**WHAT THE TASK REQUIRES**
Copy out again, unchanged, the listing below from the line that has "Man with protection" through the line that has "Thailand: Vaccination against".

**RECORDS FOR THE TASK**
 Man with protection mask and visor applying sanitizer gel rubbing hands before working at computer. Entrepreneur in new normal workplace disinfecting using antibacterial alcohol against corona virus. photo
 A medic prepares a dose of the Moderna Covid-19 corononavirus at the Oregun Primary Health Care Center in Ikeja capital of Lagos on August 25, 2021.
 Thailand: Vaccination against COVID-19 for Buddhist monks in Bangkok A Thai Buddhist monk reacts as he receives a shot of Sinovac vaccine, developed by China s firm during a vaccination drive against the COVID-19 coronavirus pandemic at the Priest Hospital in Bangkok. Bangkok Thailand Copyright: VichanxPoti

--

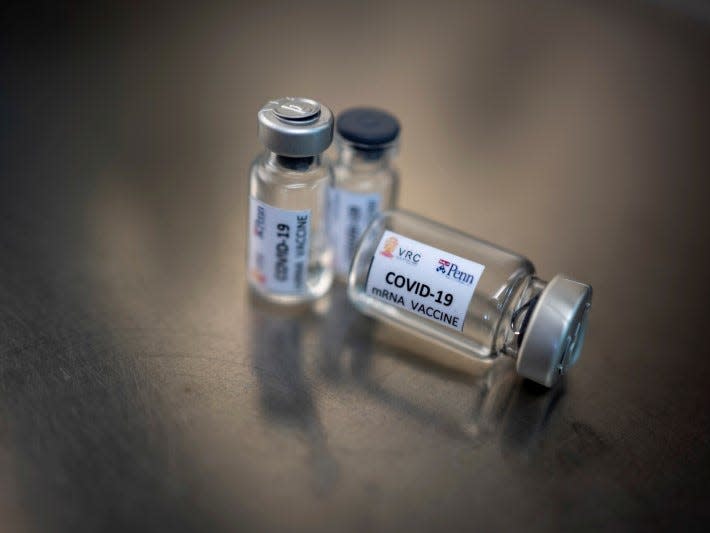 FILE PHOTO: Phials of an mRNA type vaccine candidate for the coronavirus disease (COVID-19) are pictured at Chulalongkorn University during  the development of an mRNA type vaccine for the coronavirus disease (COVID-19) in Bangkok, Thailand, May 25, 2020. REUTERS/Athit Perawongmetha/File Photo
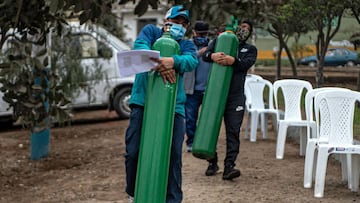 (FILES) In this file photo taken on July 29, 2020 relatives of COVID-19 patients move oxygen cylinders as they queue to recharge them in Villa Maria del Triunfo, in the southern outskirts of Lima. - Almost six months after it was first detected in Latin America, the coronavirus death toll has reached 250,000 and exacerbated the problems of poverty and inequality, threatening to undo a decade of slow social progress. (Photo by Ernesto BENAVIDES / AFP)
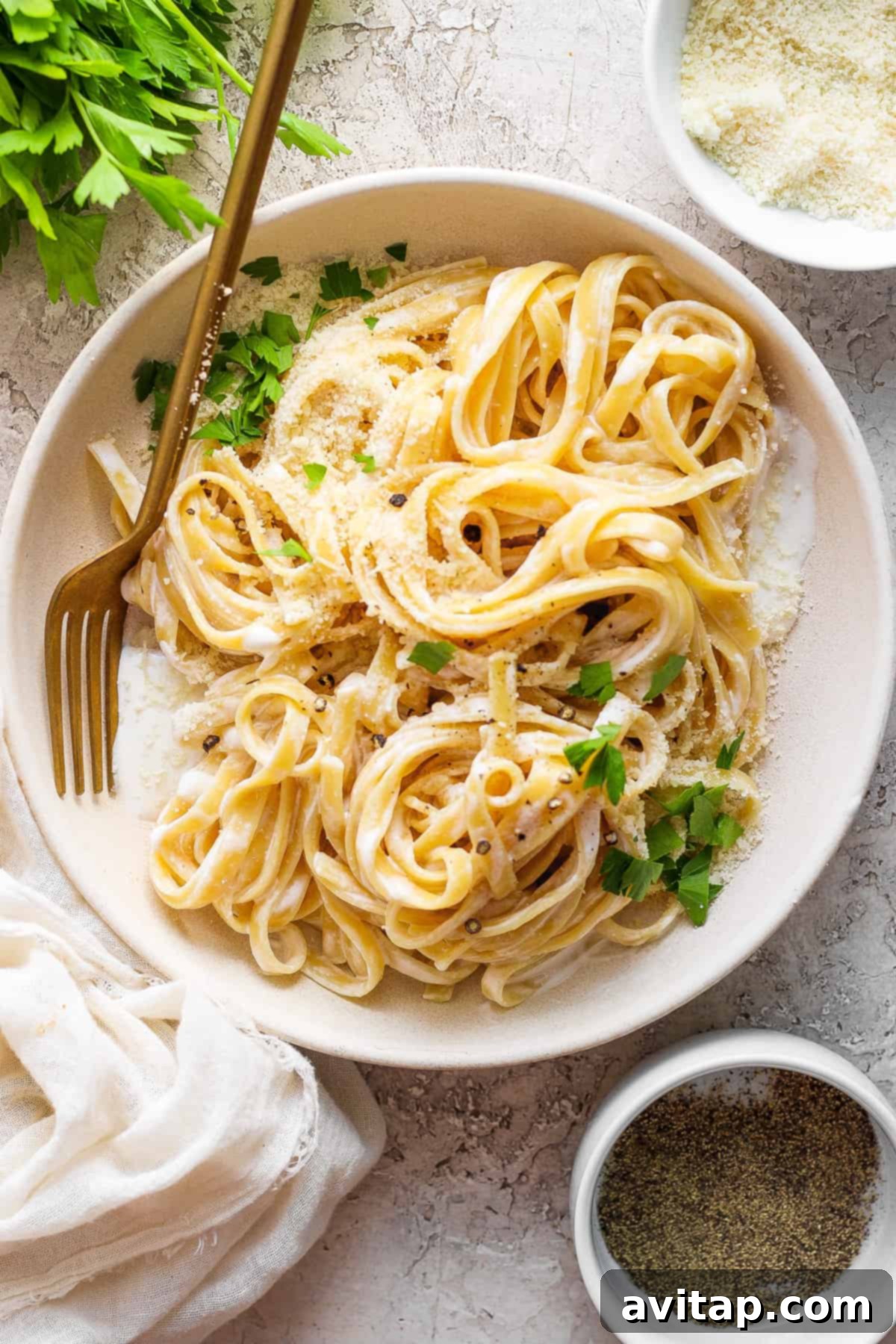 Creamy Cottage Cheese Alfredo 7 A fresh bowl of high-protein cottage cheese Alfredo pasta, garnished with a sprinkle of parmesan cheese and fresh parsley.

**SOLUTION TO THE PROBLEM**
 Man with protection mask and visor applying sanitizer gel rubbing hands before working at computer. Entrepreneur in new normal workplace disinfecting using antibacterial alcohol against corona virus. photo
 A medic prepares a dose of the Moderna Covid-19 corononavirus at the Oregun Primary Health Care Center in Ikeja capital of Lagos on August 25, 2021.
 Thailand: Vaccination against COVID-19 for Buddhist monks in Bangkok A Thai Buddhist monk reacts as he receives a shot of Sinovac vaccine, developed by China s firm during a vaccination drive against the COVID-19 coronavirus pandemic at the Priest Hospital in Bangkok. Bangkok Thailand Copyright: VichanxPoti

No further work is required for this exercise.